Friday, March 16, 2007

Rich Lowery and Political Incompetence

Rich Lowery’s column today points up one of the reasons that conservatives have produced little in spite of their six years in power. Some of their “opinion leaders” throw people on their side under the bus for even small mistakes.

Lowery does this in his column A Conflagration of Bush Loyalists.

Lowery claims that both Alberto Gonzales and Harriet Miers are incompetents chosen only because they were Bush friends.

If Gonzales goes, it will begin to bring to a calamitous close a style of governing that hasn’t served the Bush administration well. Bush has overrelied on a team of loyalists--often from Texas--who weren’t always the best or the brightest. This hardly accounts for all his problems --Iraq was mishandled by heavyweights like former Secretary of Defense Donald Rumsfeld--but it has lent added credibility to charges of incompetence.

The U.S. attorneys flap represents the perfect conflagration of Bush loyalists. It began with the asinine suggestion of then-White House counsel Harriet Miers that Bush begin his second term by sacking all 93 U.S. attorneys. Yes, President Clinton fired all the U.S. attorneys when he took office, but they were all appointees of another president.

Miers is a Bush friend from Texas who was removed as White House counsel as soon as Democrats took control of Congress, because the White House realized it needed better lawyering. Never mind that Bush had tried to elevate her all the way to the Supreme Court. When administration officials finger Miers for her role in the U.S. attorneys controversy, you can almost hear the unstated addendum, “And we all know she really didn’t know what she was doing.”

Then it was over to Gonzales, another Bush friend from Texas. As NRO's Andy McCarthy notes, there was one person in the country who thought Gonzales should become attorney general, and he was George Bush.


Notice the difference in Lowery’s assessment of Donald Rumsfeld vs. his assessment of Gonzales and Miers. Rumsfeld is a “heavyweight” who happened to mishandle things. Gonzales and Miers are incompetents.

For Lowery, what points to Gonzales’ incompetence?

Gonzales’s defense of his misleading statements that the Justice Department didn’t coordinate on the firings with the White House is that he didn’t know his chief of staff had done exactly that for more than a year. Ordinarily, it would be laughable for an attorney general to claim he was out of the loop on such a sensitive question, but with Gonzales, it has a certain disturbing plausibility.


And why doesn't Lowery think Donald Rumsfeld is incompetent? The problems at Walter Reed hospital didn’t spring full blown like Athena from Zeus’ head moments after Don Rumsfeld’s resignation. Does the fact that Rumsfeld didn’t identify and correct that sensitive situation on his watch show his incompetence? Not to mention Abu Ghraib. [for my assessment of Rumsfeld see here and here]

Imagine applying Lowery's logic to Pres. Reagan’s administration? Does Lowery think Reagan was incompetent because he didn’t know all that his staff was involved in--especially on “sensitive” questions? (Interesting that what is and is not a sensitive question is usually defined best in 20/20 hindsight.)

Actually, Lowery's measuring stick was applied to Ronald Reagan--by the Democrats. At the time National Review stuck up for Reagan's intelligence and competence. And the American people rightly overlooked lesser mistakes and put Reagan on the pedestal of great presidential leaders--which is where he belongs.

Lowery’s answer to mistakes by those in office is “swift firings”.

If Gonzales is forced out, it will be the departure of a characteristic Bush loyalist just as Bush’s approach to management has begun to change. At the beginning of the year, he jettisoned his “my team, right or wrong” approach to Iraq, removing his defense secretary and generals and forging a new strategy. The Walter Reed debacle was met with a round of swift firings rather than wagon-circling. Maybe it’s a new day.
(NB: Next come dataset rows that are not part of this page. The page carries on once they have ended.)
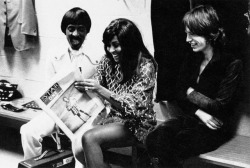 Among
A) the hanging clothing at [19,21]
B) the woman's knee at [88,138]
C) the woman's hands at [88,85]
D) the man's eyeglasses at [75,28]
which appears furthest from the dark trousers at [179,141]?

If it is a new day, it’s one that anyone with any political sense will rue. Look at the Democrats. They have a “my team right or wrong” approach. Rep. William Jefferson, caught with bribery cash in his freezer, is quietly being mainstreamed again. And Howard Dean, of scream fame, is head of their national committee. Hasn’t hurt the Demos.

In politics, the best way to deal with incompetence is subtly and quietly. If he’s your guy, even if you get rid of him, you are deemed at fault for making the choice in the first place. That’s exactly the line Lowery takes in this column.

Bush placed such trust in Miers and Gonzales because they passed his “good man” or “good woman” test. He got to know them and concluded they had good hearts. This might be true, but it says nothing about their ability to carry out high governmental functions.


If Pres. Bush gets rid of Gonzales, it will underline how incompetent Bush is for having picked Gonzalez in the first place. It will also underline how incompetent Lowery and National Review were for backing Bush--two elections in a row!

What has happened to the common sense and political competence of the good folks at National Review? They're the ones who are beginning to seem politically incompetent. "One strike and you're out" is not wise policy--politically or personally.